■ What this task involves:
When you repeat the entries below, please keep them exact and leave out the pictures.

Data to use below:

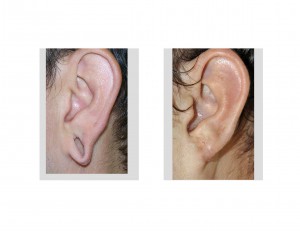 reconstruction-of-the-gauged-earlobe-dr-barry-eppley-indianapolis-left-ear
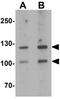 Crumbs homolog 2 antibody, GTX32104, GeneTex, Western Blot image 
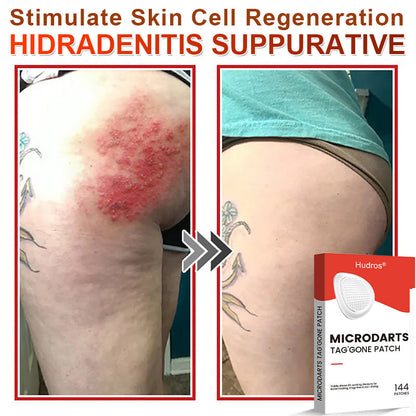 70%📌Hudros® 2-in-1 Microneedle & Hydrocolloid Patch | Raised Moles,Acne,  Flat Warts & Skin Tags Remover | Improves Wrinkles, Scars & Blemishes | Invisible Star Pimple Patches for Face & Body | 144 Count（xy）
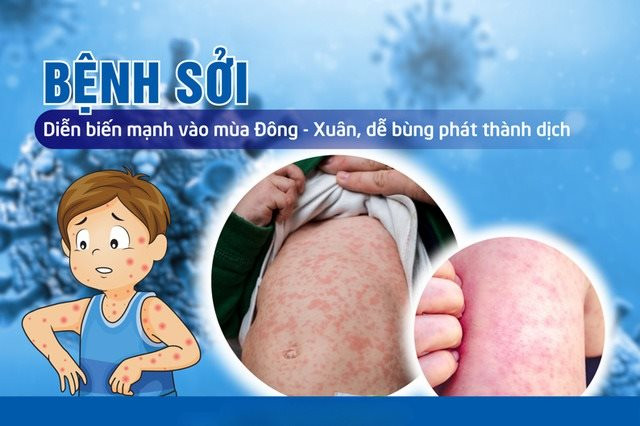 Chưa có thuốc đặc trị bệnh sởi, Bộ Y Tế khuyến cáo phòng bệnh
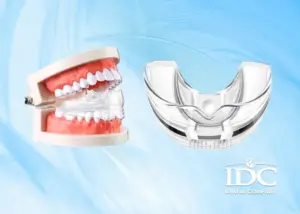 Lợi ích của việc niềng răng là gì? 7 Điều bạn nên biết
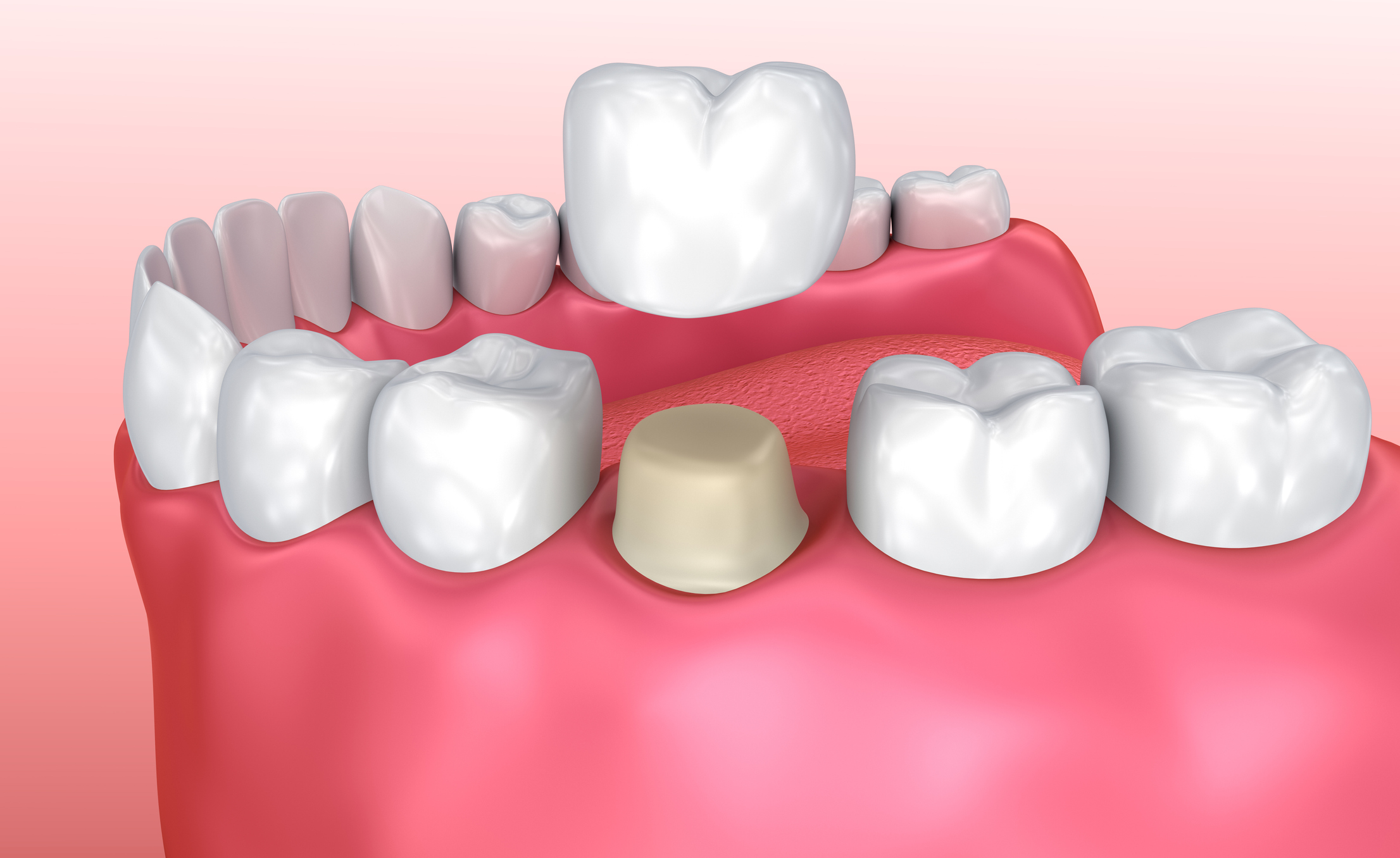 how long do temporary crowns last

End of Data to use.

■ Written response:
 reconstruction-of-the-gauged-earlobe-dr-barry-eppley-indianapolis-left-ear
 Crumbs homolog 2 antibody, GTX32104, GeneTex, Western Blot image 
 70%📌Hudros® 2-in-1 Microneedle & Hydrocolloid Patch | Raised Moles,Acne,  Flat Warts & Skin Tags Remover | Improves Wrinkles, Scars & Blemishes | Invisible Star Pimple Patches for Face & Body | 144 Count（xy）
 Chưa có thuốc đặc trị bệnh sởi, Bộ Y Tế khuyến cáo phòng bệnh
 Lợi ích của việc niềng răng là gì? 7 Điều bạn nên biết
 how long do temporary crowns last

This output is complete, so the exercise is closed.